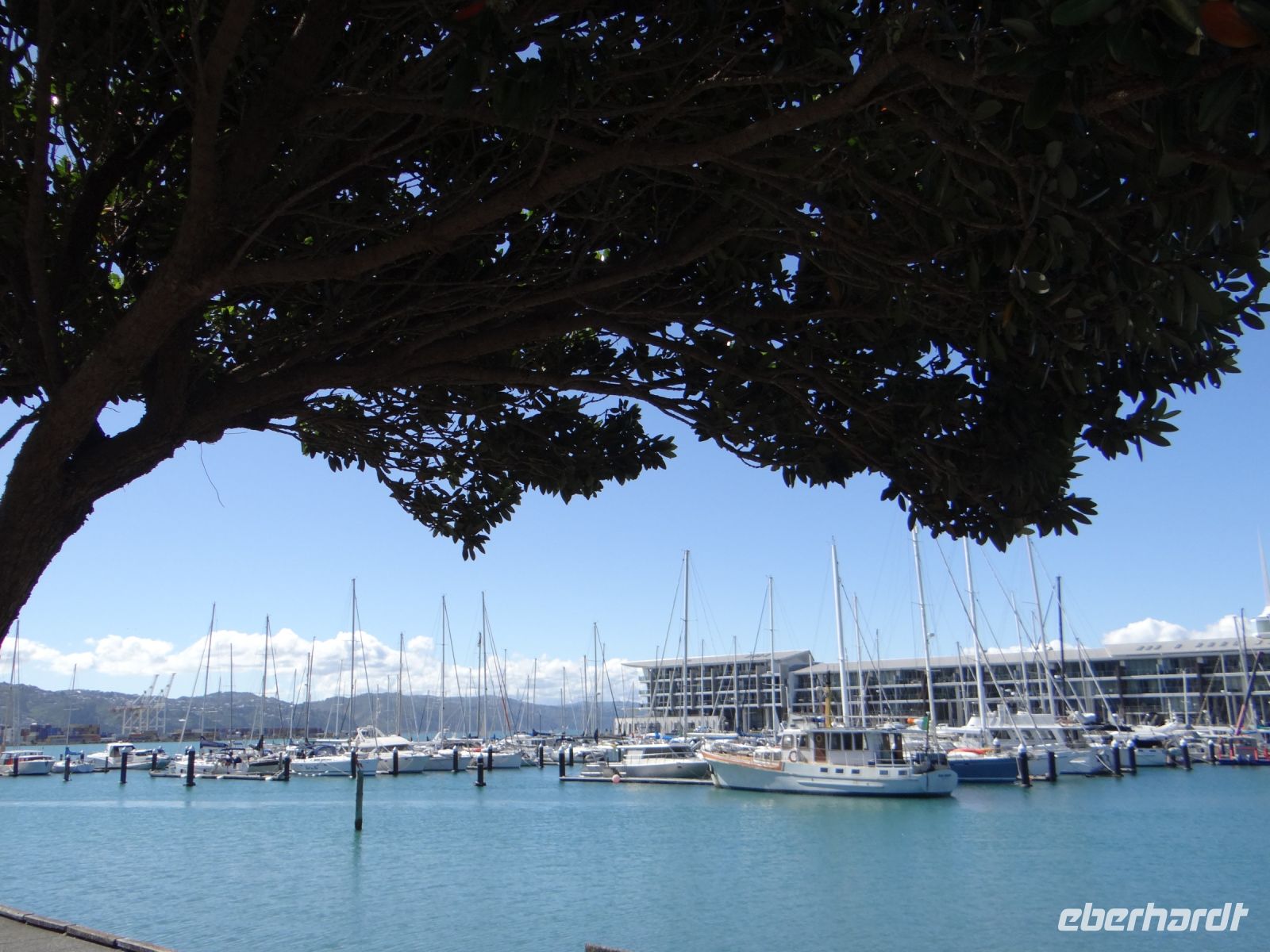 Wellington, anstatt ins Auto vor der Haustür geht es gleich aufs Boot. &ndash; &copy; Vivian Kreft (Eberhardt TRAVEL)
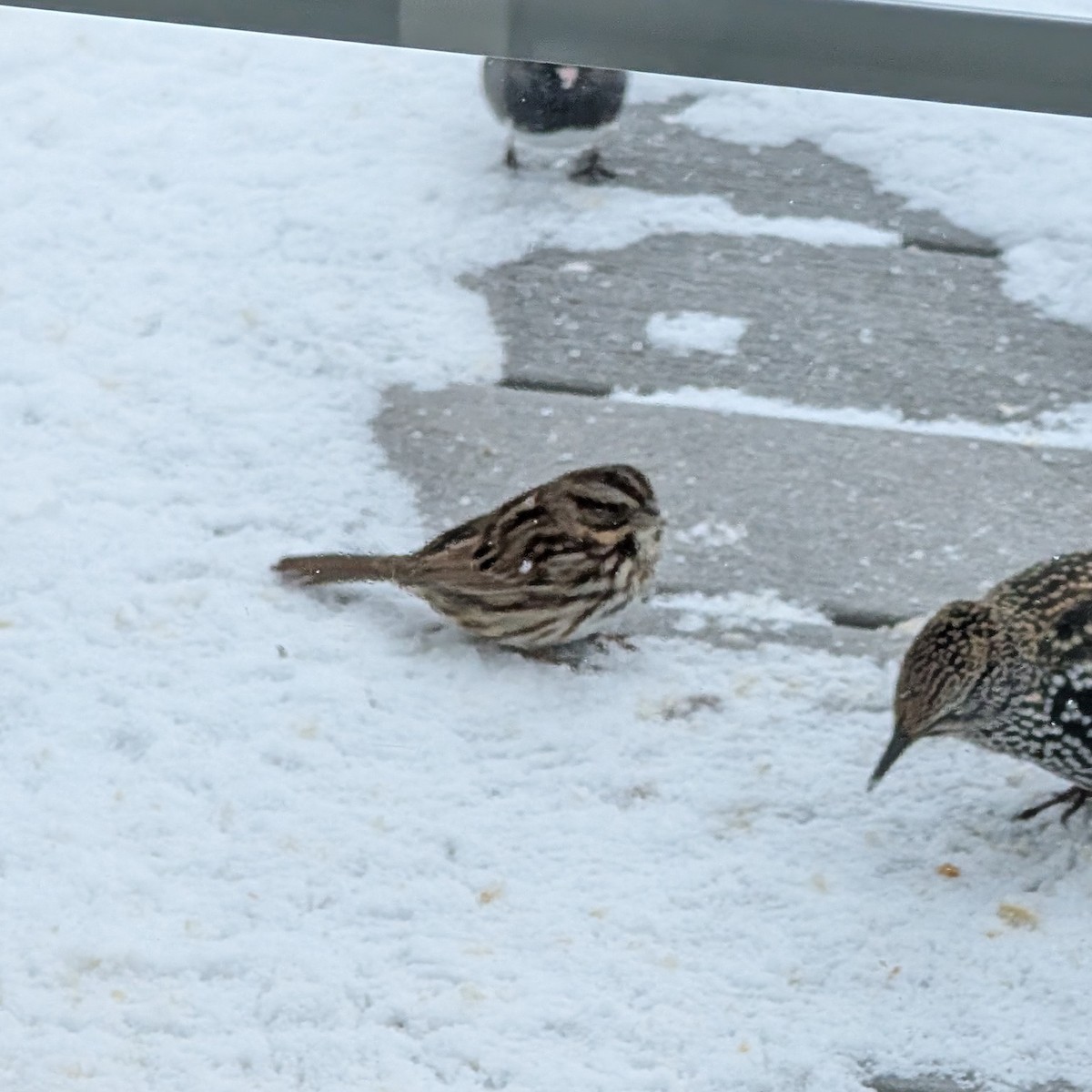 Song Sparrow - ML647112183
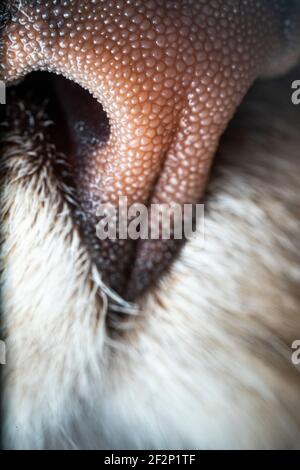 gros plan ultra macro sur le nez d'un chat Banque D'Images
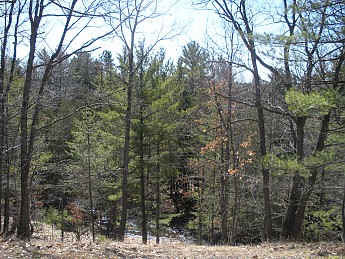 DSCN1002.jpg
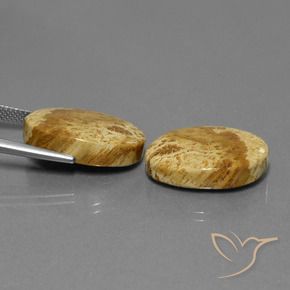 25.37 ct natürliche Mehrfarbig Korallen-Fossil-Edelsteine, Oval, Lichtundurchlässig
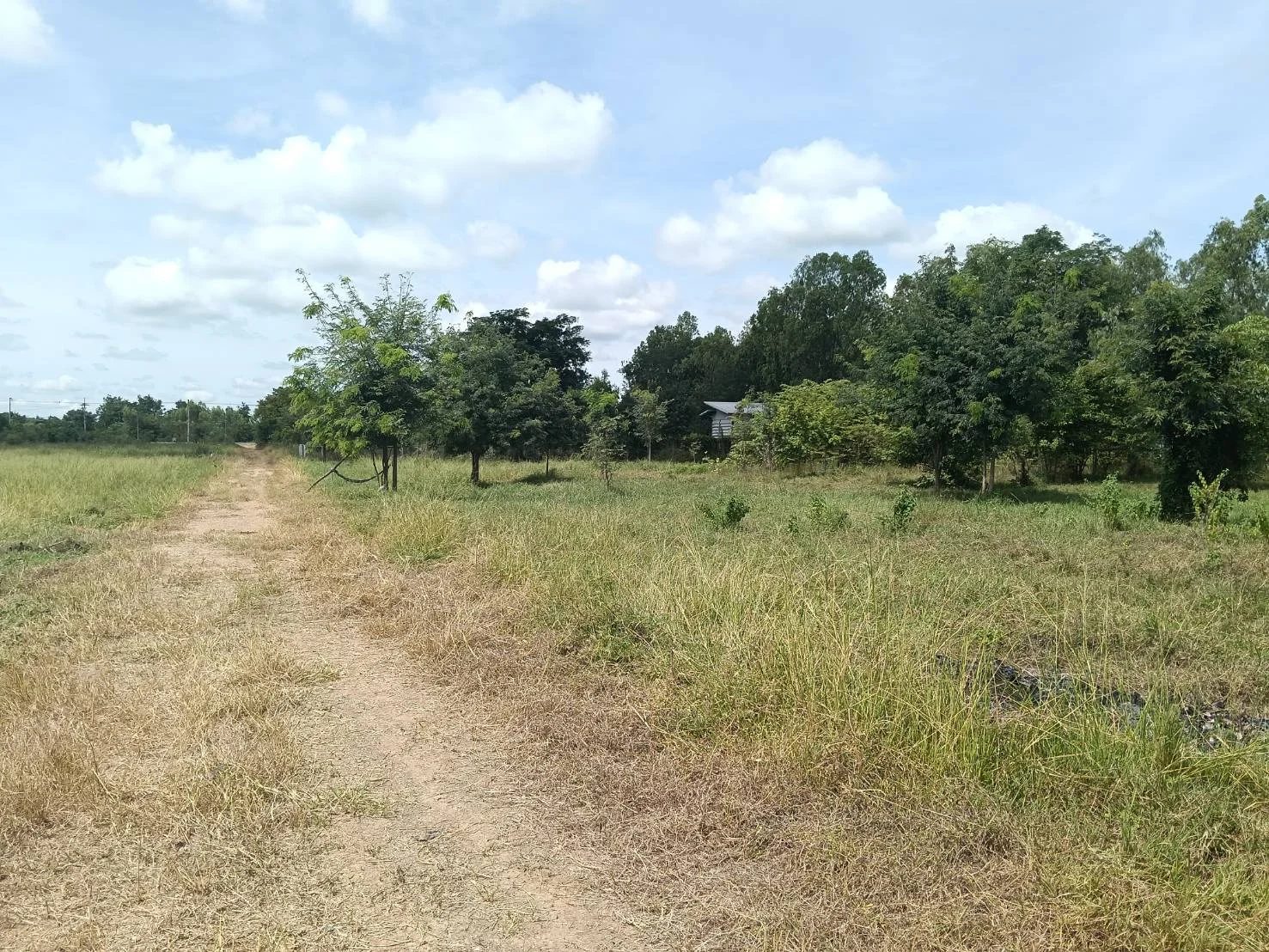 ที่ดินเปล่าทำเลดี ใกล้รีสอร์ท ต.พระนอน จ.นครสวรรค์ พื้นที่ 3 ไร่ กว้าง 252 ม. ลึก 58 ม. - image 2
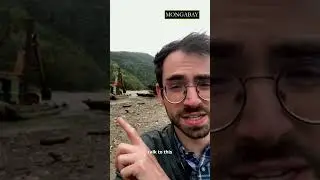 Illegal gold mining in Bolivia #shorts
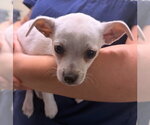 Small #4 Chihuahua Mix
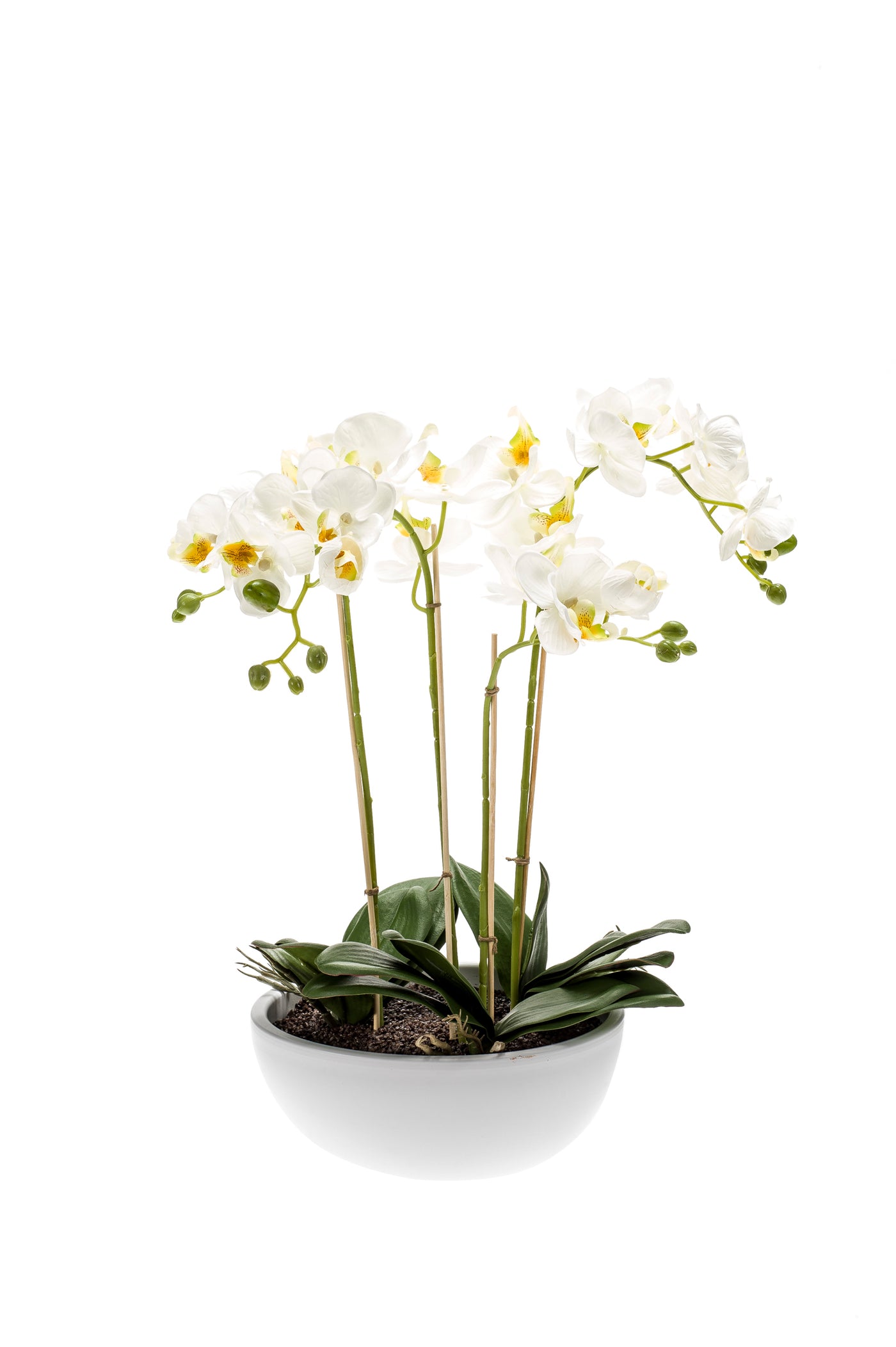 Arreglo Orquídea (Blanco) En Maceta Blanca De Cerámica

==============================

HOW TO COMPLETE THIS TASK
Output all the material verbatim, skipping every image.

ANSWER BOX
 Wellington, anstatt ins Auto vor der Haustür geht es gleich aufs Boot. &ndash; &copy; Vivian Kreft (Eberhardt TRAVEL)
 Song Sparrow - ML647112183
 gros plan ultra macro sur le nez d'un chat Banque D'Images
 DSCN1002.jpg
 25.37 ct natürliche Mehrfarbig Korallen-Fossil-Edelsteine, Oval, Lichtundurchlässig
 ที่ดินเปล่าทำเลดี ใกล้รีสอร์ท ต.พระนอน จ.นครสวรรค์ พื้นที่ 3 ไร่ กว้าง 252 ม. ลึก 58 ม. - image 2
 Illegal gold mining in Bolivia #shorts
 Small #4 Chihuahua Mix
 Arreglo Orquídea (Blanco) En Maceta Blanca De Cerámica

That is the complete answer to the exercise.